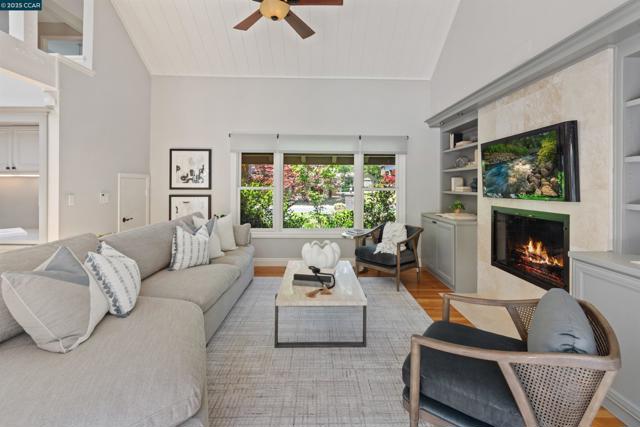 2140 Hidden Oak Dr, Danville CA: https://media.crmls.org/mediaz/8b3265ec-613c-4a8f-ace8-43d8becee21d.jpg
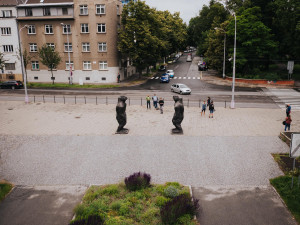 FOTO: Velké bronzové sochy lidoopů už stojí na svém místě u Rudolfovy aleje. Váží tři čtvrtě tuny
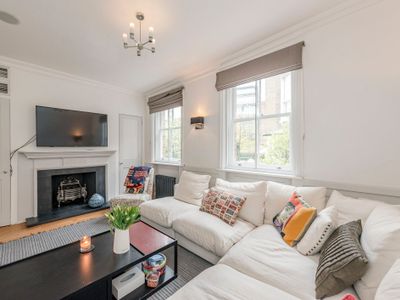 Stunning 3 Bed Townhouse in the heart of Mayfair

**Directions for this task**
Without including any images, output the data exactly as given.

**Finished task**
 2140 Hidden Oak Dr, Danville CA: https://media.crmls.org/mediaz/8b3265ec-613c-4a8f-ace8-43d8becee21d.jpg
 FOTO: Velké bronzové sochy lidoopů už stojí na svém místě u Rudolfovy aleje. Váží tři čtvrtě tuny
 Stunning 3 Bed Townhouse in the heart of Mayfair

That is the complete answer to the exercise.